MIAMI, Nov. 17 (UPI) — Kim Ng’s resume is as impressive as it gets, but the Miami Marlins’ newest executive said she looked outside of Major League Baseball front offices to gain the persistence needed to become the first general manager in MLB history.

“It’s a tribute to the idea that you just have keep plowing through,” said Ng, who was passed over for at least a half dozen general manager jobs during her 30-year MLB career. She gave her perspectives at a news conference Monday.


“That’s what this is. It’s like what we tell the players, ‘You can mope and sulk for a few days, but that’s it. You have to come back,'” said Ng, who turns 52 on Tuesday.

“Yes I’ve been defeated and deflated numerous times, but you always still keep hoping.”

Ng — pronounced “Ang” — began her MLB career in the early 1990s as an intern with the Chicago White Sox. She moved up to various front office roles with the White Sox, New York Yankees and Los Angeles Dodgers. She helped to construct three World Series teams before she moved on to serve as senior vice president of baseball operations for MLB.

The Indianapolis native grew up in Queens, N.Y., and idolized Billie Jean King and fellow tennis icon Martina Navratilova through her youth. She also played stickball in the streets as a child, using manhole covers and cars for bases, and then went became a successful college softball player at the University of Chicago.


“Billie Jean King fought for equality throughout her career and is still fighting today,” Ng said. “Navratilova really changed the women’s game and how it was played. She changed the idea of what it looked like to be a female athlete.”

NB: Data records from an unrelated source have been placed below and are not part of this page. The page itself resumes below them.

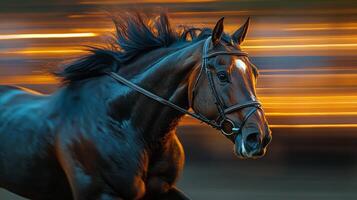 Black horse galloping through a forest trail during autumn season photo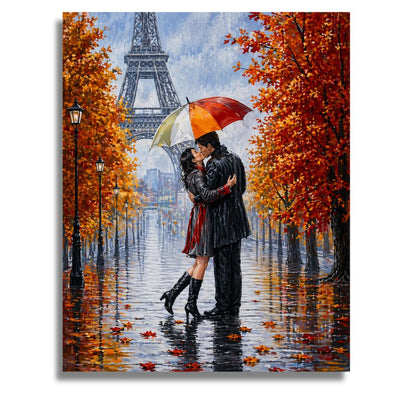 Couple under a colorful umbrella in front of the Eiffel Tower with autumn trees. Romantic Paris - Paint by numbers
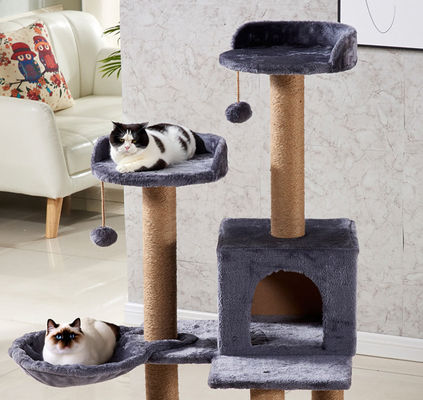 Árbol de escalada de gato de madera personalizado con diseño de lujo moderno y torre de poste de rascado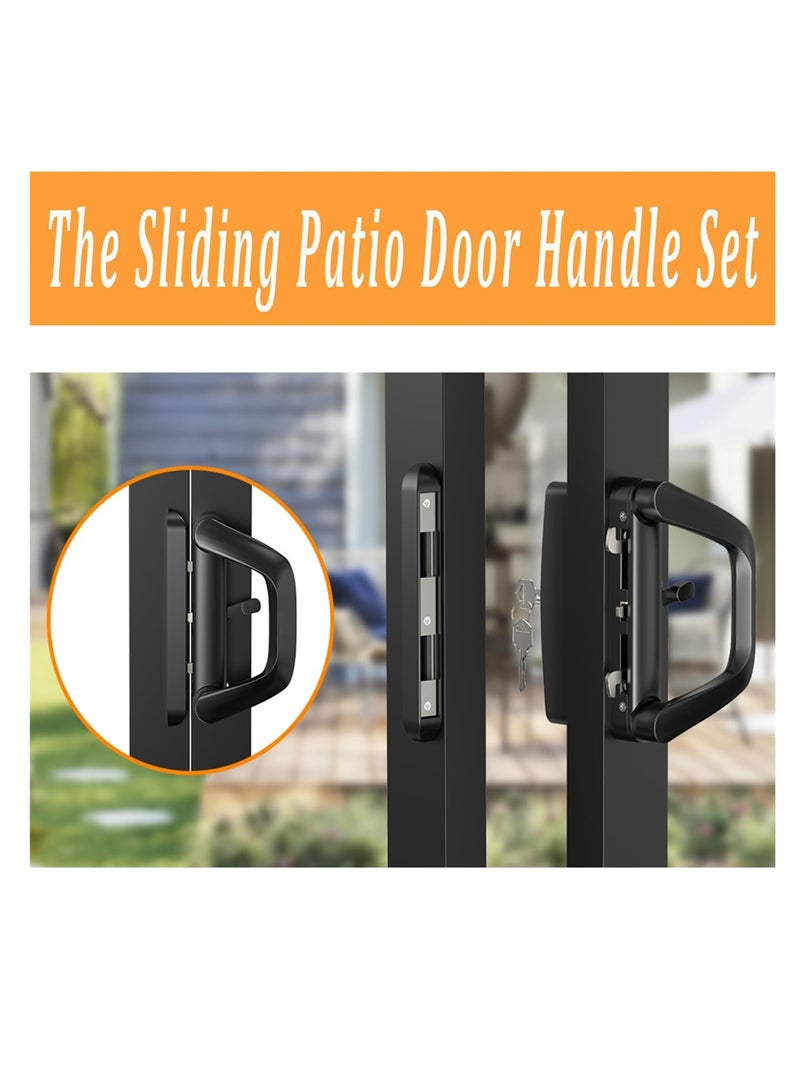 Sliding Glass Patio Door Handle with Lock, Keyed Security Lock Set for 0.75-1.4in Doors, 4-15/16" Screw-B, for Sliding Doors - Image 4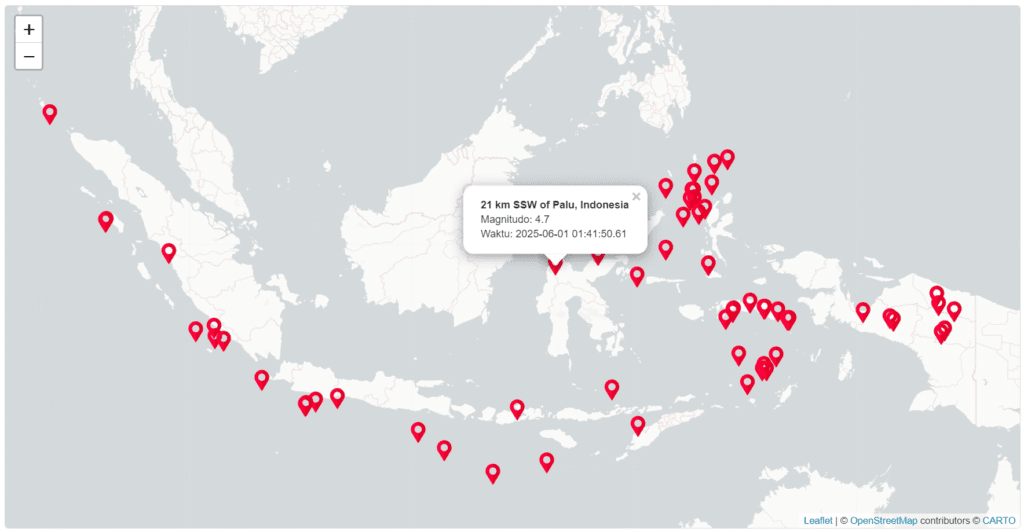 Peta sebaran gempa Bumi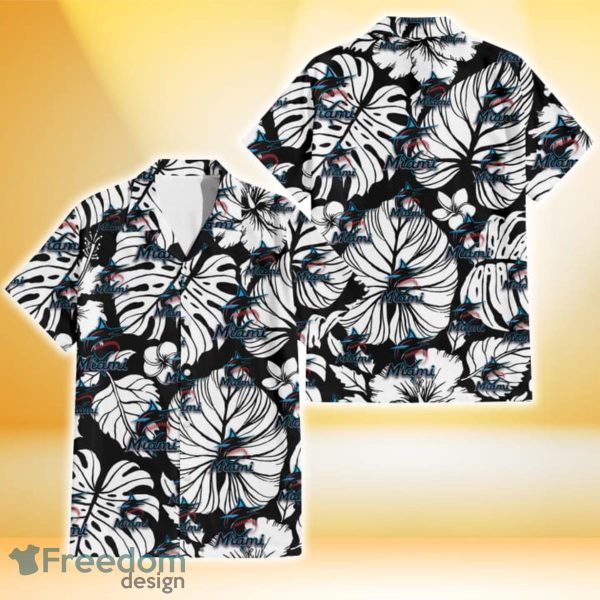 Miami Marlins White Hibiscus Porcelain Flower Palm Leaf Black 3D Hawaiian Shirt Gift For Fans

Ng didn’t see women hired as MLB general managers when she took aim at the role, so she used inspiration she could saw in other sports leagues. She says it’s now her role to be the one little girls can look up to for an attainable goal after breaking the gender barrier for MLB front offices.

“There is an adage that you can’t be it if you can’t see it. I guess I would suggest to them now, now you can see it,” Ng said.

Inspirations from other leagues, Jeter

Ng has seen the increase in women hired for more significant roles in other men’s sports leagues.

In February, San Francisco 49ers offensive assistant Katie Sowers became the first woman to coach in a Super Bowl. In October, Jeanie Buss of the Los Angeles Lakers became the first woman controlling owner to win an NBA championship.

There are now dozens of women who are assistant coaches in the NBA, NFL and MLB and many who serve as officials.


“Any of the women that are out on the court, on the field or in the locker room as coaches, those are the women who are really in the trenches and have gained so much respect from the players,” Ng said.

“The ones down there every single day, my admiration for them is immense. From the football coaches, the basketball coaches they have been tremendous.”

Marlins co-owner Derek Jeter also gave Ng inspiration from the field from when she watched the former Yankees captain play during her tenure with the franchise.

Ng sat alongside Jeter and fellow Marlins owner Bruce Sherman on Monday at Marlins Park for her first news conference. Her position once granted her authority over the former Yankees star, but now the roles are reversed with Jeter as Ng’s boss.

“It’s an exciting and special [time] for us,” Jeter said Monday. “When I first reached out to Kim, through our first couple of conversations, it became evident that this was a perfect fit.”

Jeter and Ng have maintained a relationship since their careers diverted from New York and they reunited in Miami. Ng said she was always inspired by Jeter’s fearless playing style and sees him using that same mentality in the Marlins front office.

“I’ve reflected on what it took to get here,” Ng said. “Something that shouldn’t go unnoticed is fearlessness. Derek embodies that word.

“I was privileged and fortunate enough to watch Derek every day for four years. That was his approach to the game. He left it all out there every single day. Now with this [hire] we see it off the field.”